Prompt Engineering
Overview
This skill transforms vague user requests into precise, effective prompts through collaborative dialogue, systematic analysis, and iterative refinement. It combines proven prompt engineering techniques with a structured development process to create prompts that reliably achieve user objectives.
Workflow Decision Tree
When a user requests prompt assistance, follow this decision flow:
User Request
├─ "Create a prompt" / "Make a prompt" / Vague request
│ └─ → Start with EXPLORATION PHASE
├─ "Optimize this prompt" / Has existing prompt
│ └─ → Start with SIMPLE OPTIMIZATION
└─ "Fix this issue with my prompt" / Specific problem
└─ → Start with ANALYSIS PHASE (focused on problem)
Core Process
Phase 1: Exploration - Uncovering True Needs
Before creating any prompt, deeply understand the user's actual needs through strategic questioning. Start broad, then narrow down systematically.
Initial Context Gathering:
- What task will this prompt accomplish?
- Who will use it and in what environment?
- How frequently will it be used?
- What does success look like?
Deepening Understanding:
- Request concrete examples of desired outputs
- Ask about past failures or attempts
- Identify critical success factors
- Uncover unstated assumptions and constraints
Technical Requirements:
- Model and platform constraints
- Token limits and cost considerations
- Response time requirements
- Integration with other systems
Continue exploration until the core requirements are crystal clear. Never assume—always verify.
Phase 2: Analysis - Choosing the Right Strategy
Analyze the task to determine the optimal prompting approach.
Task Classification:
Classify the task along key dimensions:
- Complexity: Simple directive vs multi-step reasoning
- Output Type: Creative vs analytical vs structured
- Error Tolerance: High-stakes vs experimental
- Frequency: One-time vs repeated use
Strategy Selection:
Based on classification, choose primary techniques:
- Simple Tasks: Direct instructions with clear constraints
- Complex Reasoning: Chain-of-thought with step-by-step breakdown
- Creative Tasks: Role setting with flexible boundaries
- Structured Output: Explicit format specifications with examples
- High-Stakes: Self-consistency checks and validation steps
Trade-off Analysis:
Present multiple approaches with clear trade-offs:
- Approach A: Detailed but token-heavy
- Approach B: Concise but requires interpretation
- Approach C: Balanced with moderate complexity
Always explain WHY each approach fits the specific context.
Phase 3: Implementation - Building Iteratively
Create the prompt through progressive refinement, starting simple and adding complexity as needed.
Version 1 - Minimal Viable Prompt:
- Core instructions only
- Test basic functionality
- Identify gaps and ambiguities
Version 2 - Enhanced Clarity:
- Add specific examples if needed
- Clarify ambiguous points
- Include essential constraints
Version 3+ - Optimization:
- Refine wording for precision
- Remove redundancy
- Balance detail with conciseness
Document each version's changes and rationale.
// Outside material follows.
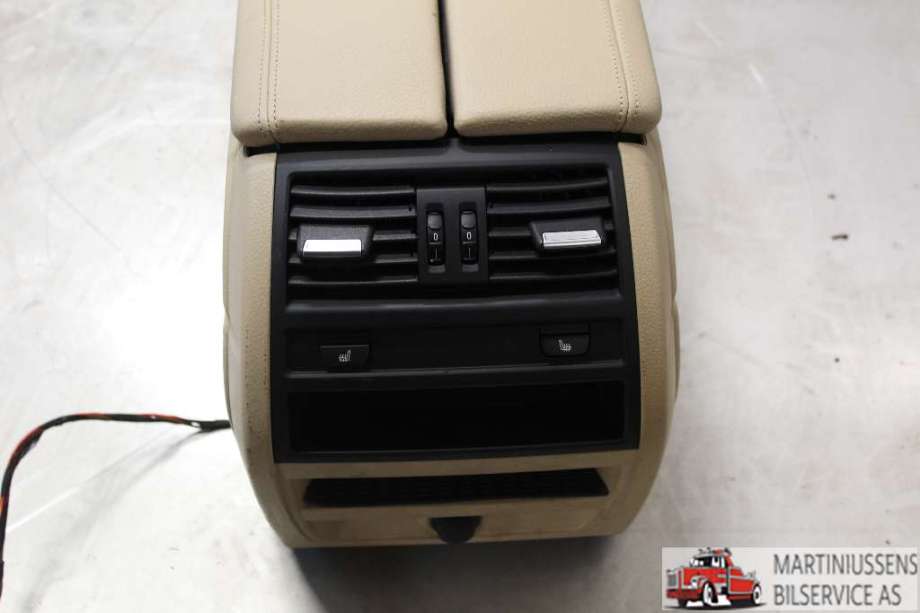 Sete armlene lokk til BMW 5-Serie 2010-2017 (F10/F11) (F10/F11) (BMW|)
Store prompts in markdown files with:
- Version history
- Design decisions
- Known limitations
- Usage examples
Phase 4: Validation - Critical Evaluation
Rigorously evaluate the prompt against quality criteria.
Essential Checks:
- Clarity: Can the instructions be misunderstood?
- Completeness: Are all necessary elements present?
- Consistency: Do instructions contradict each other?
- Efficiency: Can anything be removed without loss?
- Robustness: How does it handle edge cases?
Testing Approach:
- Run through typical use cases
- Test boundary conditions
- Imagine failure modes
- Check for unwanted behaviors
Be ruthlessly honest about weaknesses. If something isn't working, acknowledge it and iterate.
Simple Optimization
When optimizing an existing prompt, focus on minimal, targeted improvements:
- Identify Specific Issues: What exactly isn't working?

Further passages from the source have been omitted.